**Listed entries:**

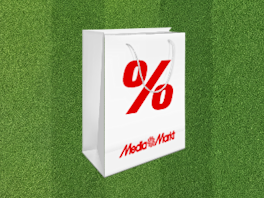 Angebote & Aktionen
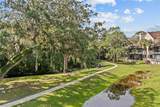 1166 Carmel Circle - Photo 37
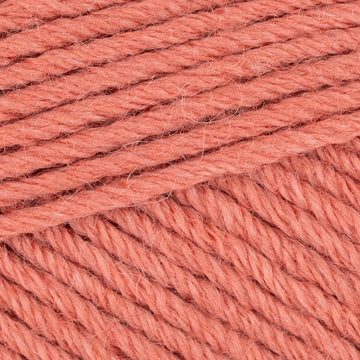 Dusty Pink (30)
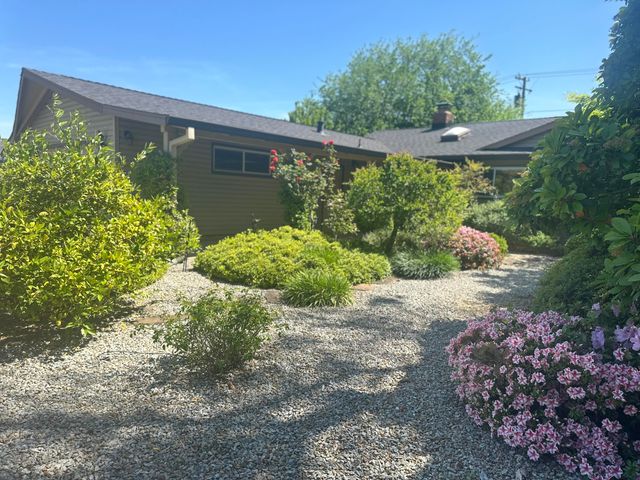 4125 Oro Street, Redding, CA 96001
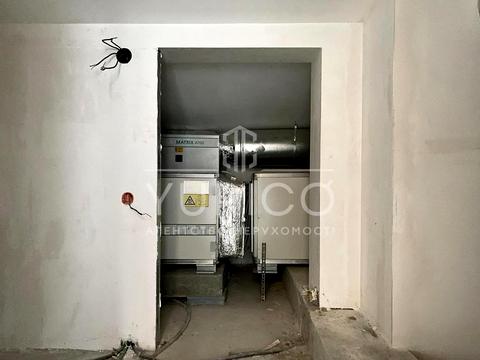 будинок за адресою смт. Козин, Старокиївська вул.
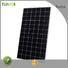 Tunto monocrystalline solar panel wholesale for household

--

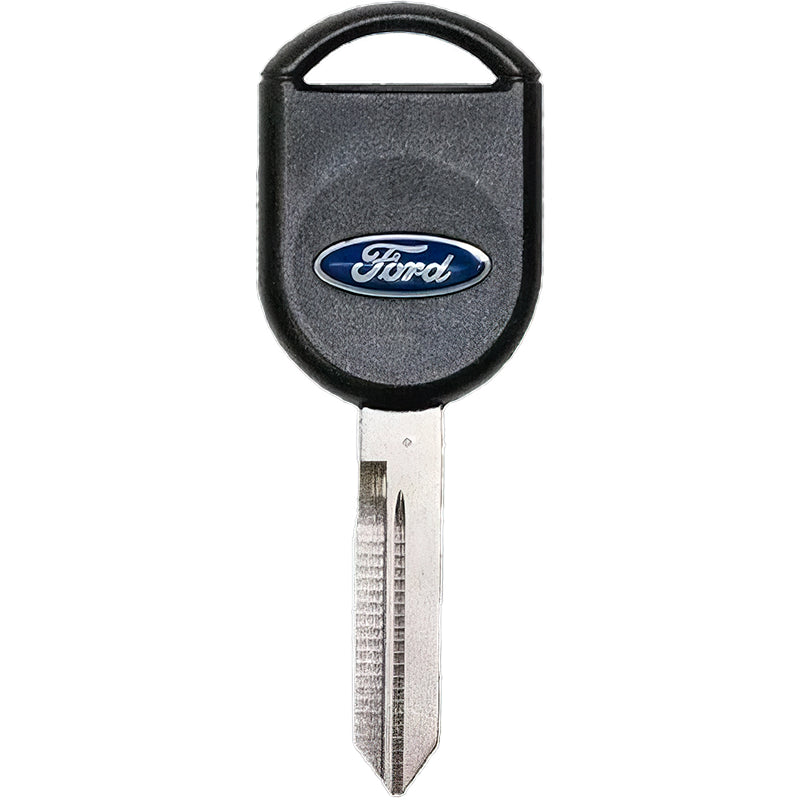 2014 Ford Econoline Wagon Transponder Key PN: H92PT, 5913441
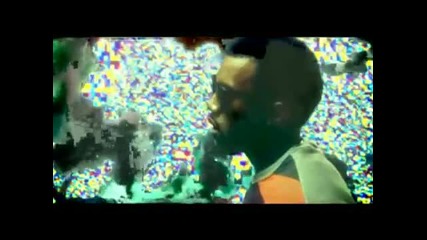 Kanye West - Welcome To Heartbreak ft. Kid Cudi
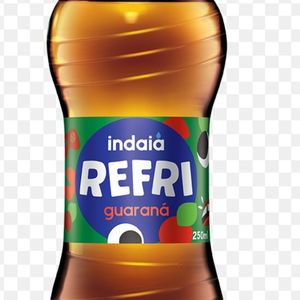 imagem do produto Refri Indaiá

--

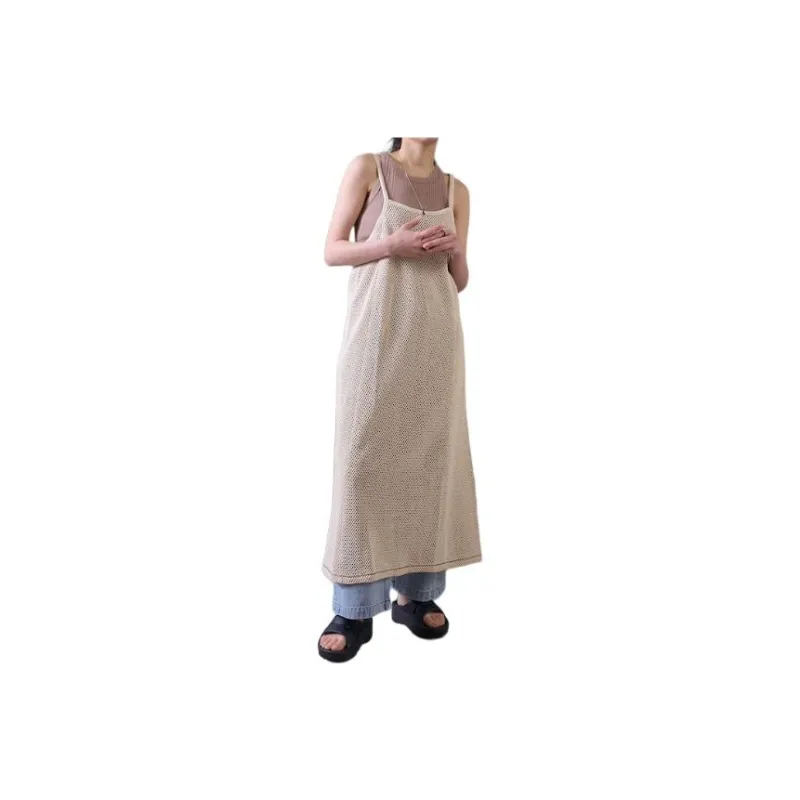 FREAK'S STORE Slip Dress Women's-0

**Action item:**
Write out exactly the run of lines above that starts at the line containing "Angebote & Aktionen" and ends at the line containing "Tunto monocrystalline solar". Include both, and leave the pictures out.

**Your response:**
 Angebote & Aktionen
 1166 Carmel Circle - Photo 37
 Dusty Pink (30)
 4125 Oro Street, Redding, CA 96001
 будинок за адресою смт. Козин, Старокиївська вул.
 Tunto monocrystalline solar panel wholesale for household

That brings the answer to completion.